Try the harvest moon. It is their fall beer and it is really good.


----------



## SledZeppelin (Oct 1, 2008)

blue moon is mucho tasty 

the orange is essential for proper enjoyment


----------



## Chris. (Oct 5, 2008)

I love every blue moon beer. It's all good and goes great with everything. I like Yuengling as well. You should try Leinenkugal sunset wheat if you like wheat beer.:tu


----------



## SledZeppelin (Oct 1, 2008)

Chris. said:


> I love every blue moon beer. It's all good and goes great with everything. I like Yuengling as well. You should try *Leinenkugal sunset wheat* if you like wheat beer.:tu


i was going to mention leiney's in my previous post!
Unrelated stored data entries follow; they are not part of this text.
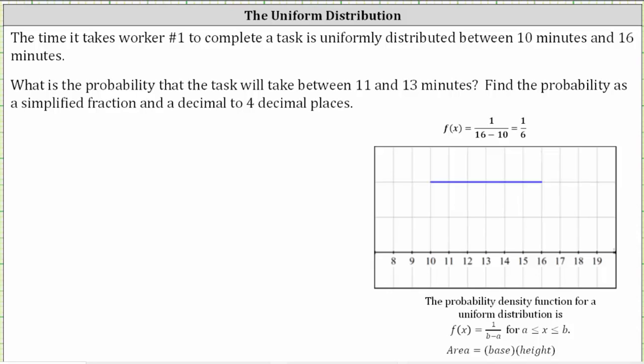This video will show two examples on how to determine probability involving a uniform distribution.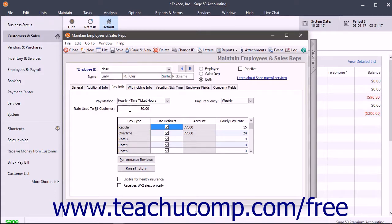You can also set the Rate Used to Bill Customer here to set an hourly rate used to bill customers for the hours the employee works on their job.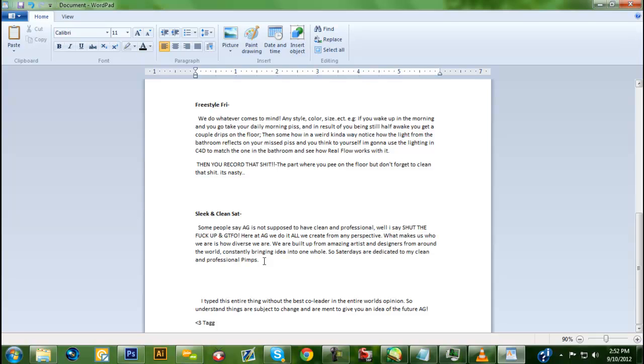Number two, we're gonna get as many people in AG as possible and do IRL videos to show our appreciation to the subscribers. It's gonna be one massive IRL video of us doing random things.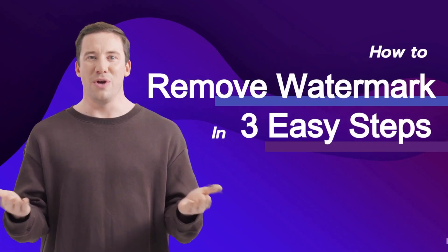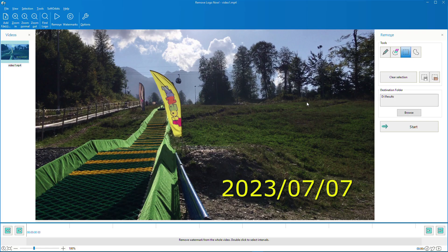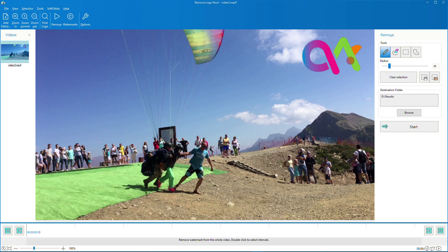How do you remove a logo watermark from a video? It's actually quite simple. Remove Logo Now automatically detects objects that remain static in video streams and uses its artificial intelligence to carefully remove the watermark and fill the underlying areas with visual data interpolated from the current and adjacent frames. In most cases, reasonably sized static watermarks can be removed with no visible residue.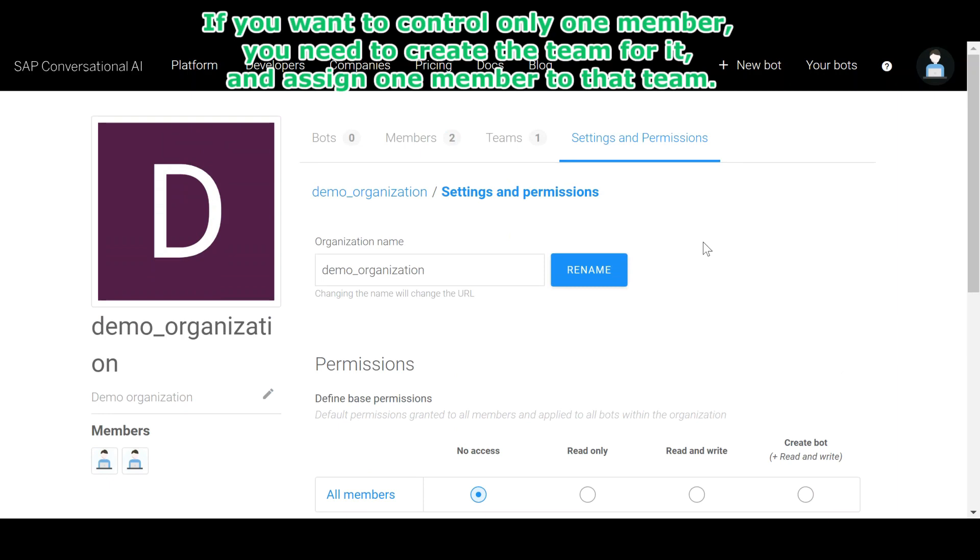If you want to control only one member, you need to create the team for it and assign one member to that team.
SOOOOOO delicious! was just having some last sunday w/ my baseball team

my favorite is their Honey Weiss, but no one carries it in california


----------



## pro2625 (Jun 25, 2008)

I like them both....

I will say though I really prefer red hook long hammer right now....Awesome stuff

Im also loving firestone double barrel ale


----------



## JE3146 (Jan 15, 2008)

It's alright. I enjoy it for a 2$ 20oz, but it pales in comparison to a better Wit. But to get that you're looking more at 8 to 12$ per 20oz. So it's all in the price point you're willing to pay.

Doing A-B testing, to something that's made with 'identical' (I say that loosely because they're not, but their goal was the same) profiles... it's easy for even the most amateur of beer drinkers to tell which is which when comparing Blue Moon to a premium.


----------



## Paint (Mar 1, 2008)

Rather have a Founders brew a local Brewery with great beers...On tap can't beat that!!!:tu


----------